We should have made it more clear. In all rate graphs load gradually increases from 0 to 4M (2M when testing with server) packets/s over the period of 10 minutes.
I’d guess that’s how long an instance takes to launch, including successful cloud-init execution.
Shouldn’t it stay and zero and shoot up then? They’re all perfectly linear.
Syn, Syn/Ack, Ack TCP segments will be 64 bytes, which is also the smallest Ethernet frame a driver will send (the nicer ones padding the payload with zeroes if a packet was shorter). This is a good lower-bound to use for stress-testing, as the connection-per-second will be influenced by the capability of a system to process such short packets.
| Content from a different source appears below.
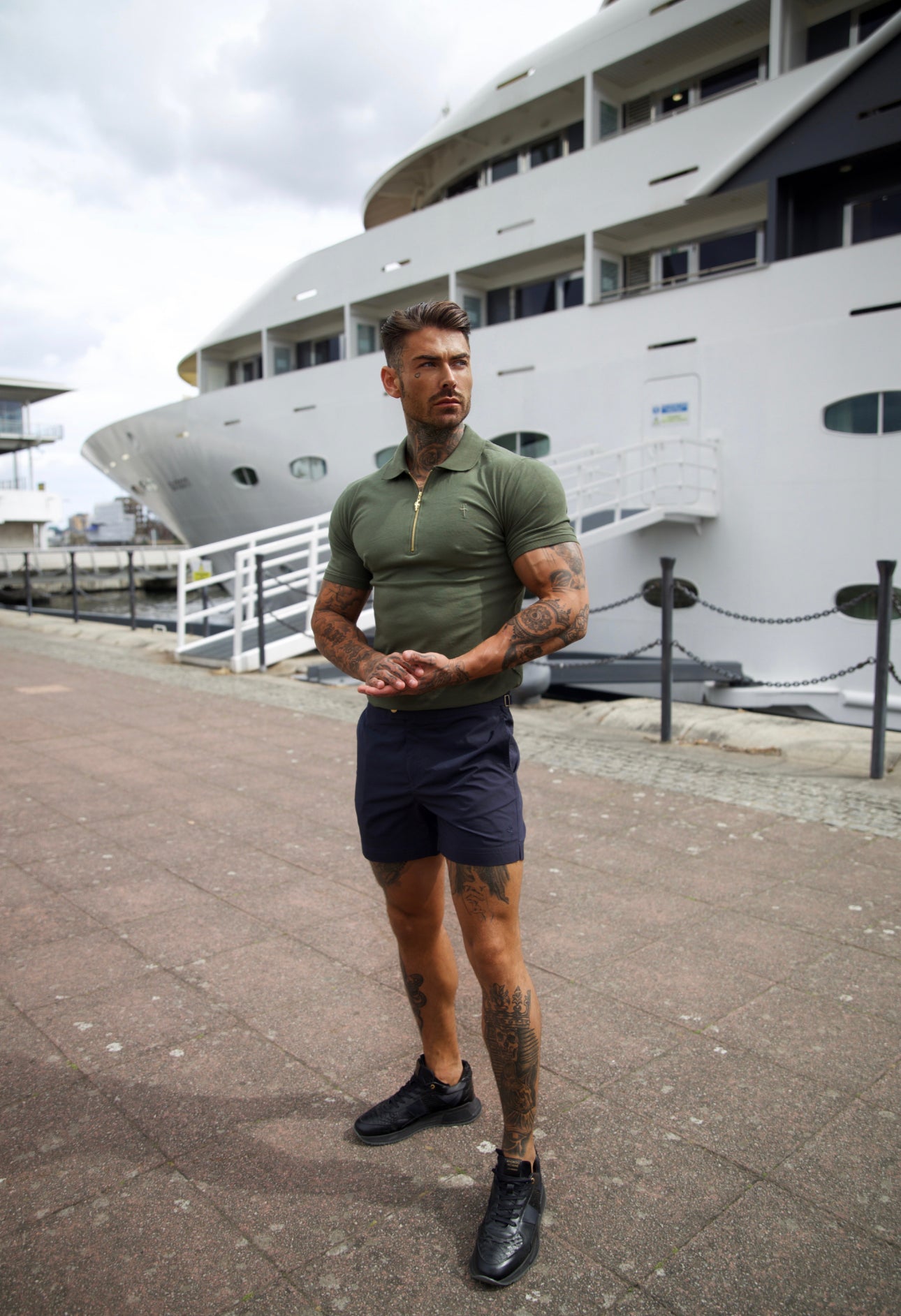 Classic Khaki and Gold Zipped Polo Shirt - FSH810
Then, it is also good to know there is a PPS budget on EC2 instances. What I find curious is that kernel-bypass solutions are able to go way over this limit, and Amazon published an ENA driver in DPDK for higher-loads. With the budget seen here, such kernel-bypass solution seems useless.
I updated with 0 bytes payload (54 byte packets) results.
Yes, trying DPDK would be interesting. At packet rates reported in our blog kernel handling seems to be perfectly sufficient.